Friday, August 13, 2010

Islam's Jesus: "The Gospel of Barnabas" on Lebanese TV

Reports out today from the BBC note that protests by Lebanese Christians have led to the cancellation of a television series based on the life of Jesus. What? Shouldn't Christians be excited about a TV show starring Christ, you ask?

Not if its hero is more Muslim than Christian.

Believers are upset because the series's narrative relies heavily on the apocryphal Gospel of Barnabas, a late retelling of Jesus's life that is ascribed to Paul's traveling companion in Acts. (Scholars note that Barnabas directly quotes Dante's Inferno, so most argue that it was composed between the thirteenth and sixteenth centuries, hundreds of years after Jesus's death.) The earliest manuscripts are in Spanish and Italian, but they borrow huge chunks of the Vulgate Bible--Saint Jerome's fourth-century Latin translation of holy writ.

However, this "new" gospel isn't controversial for what it borrows from previous texts, but for what it leaves out--specifically, Jesus's crucifixion and resurrection. In the book, Jesus teaches, does miracles, and speaks with God, but he is neither killed by Romans nor brought back to life by the deity. Given these deletions, Barnabas's Jesus closely resembles Islam's depiction of the Christian savior.

Muslims believe that Jesus, like the prophet Muhammed, is a rasul: a "messenger" of God even cooler than a run-of-the-mill prophet, or nabi. (According to the Qur'an, other Biblical heroes, like Moses and Noah, also earn the title rasul.) For Muslims, Jesus has a direct line to the divine, but he is not God's son. Nor is he raised from the dead. He is a holy man and an influential teacher, but he is not the atoning sacrifice he is for Christians.
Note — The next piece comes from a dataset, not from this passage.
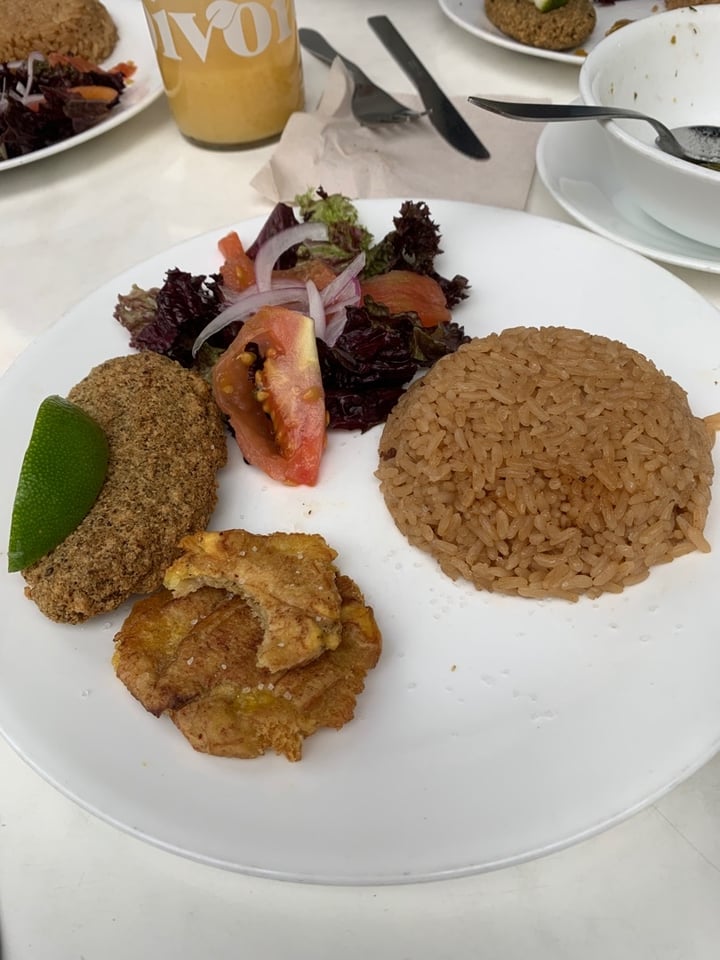 review photo of Hervíboro Cocina Vegana Almuerzo Costeño shared by @danabananaa on 23 Feb 2020 - review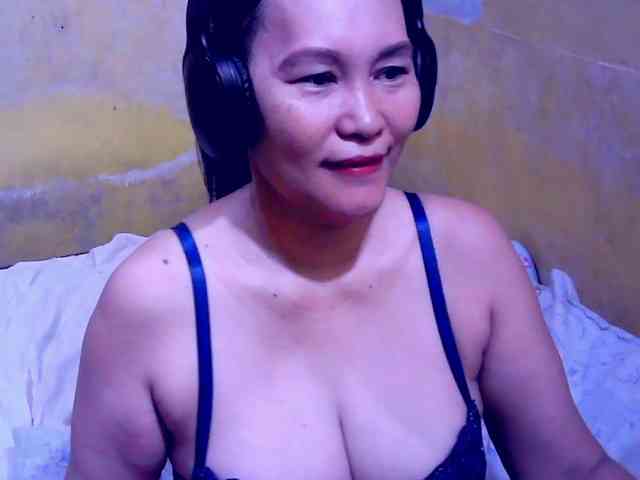 SweetMonlight webcam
Because of such similarities, many see Islam's version of Jesus in Barnabas. For years, some Muslim scholars have contended that Barnabas is an authentic gospel that corrects the mistakes of Matthew, Mark, Luke, and John--and of Christianity, for that matter.

Of course, Muslims are welcome to their views--both on the putative divinity of Jesus and on the authenticity of this late gospel. But Lebanese television producers' decision to broadcast a Barnabas-based TV show during Ramadan--Islam's holiest month--was unnecessarily provocative to the region's Christians. And authorities' decision to cancel it is a smart move toward inter-religious reconciliation in the hotbed that is the Middle East.
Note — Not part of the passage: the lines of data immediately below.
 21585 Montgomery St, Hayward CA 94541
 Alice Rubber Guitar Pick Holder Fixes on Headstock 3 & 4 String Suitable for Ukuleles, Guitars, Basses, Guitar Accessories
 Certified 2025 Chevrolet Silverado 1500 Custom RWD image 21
Nonetheless, I admit that I'd like to see the series, if someone would care to subtitle it for me. Its cancellation, while advisable, reinforces the perception that there is one "correct" understanding of the Christian savior--the Bible's. Indeed, there are literally dozens of other gospels, all of which deliver different perspectives on the life and death of Jesus. And while none is so early or influential as Matthew, Mark, Luke, and John, all can provide valuable insights into the ways new generations of believers--and non-believers--understand and interpret the man who Christians say died for their sins. Even the Gospel of Barnabas.

1 comment:

  1. Wow, Josh, this is worthy of an in-person discussion. I'm really surprised at the stand you're taking.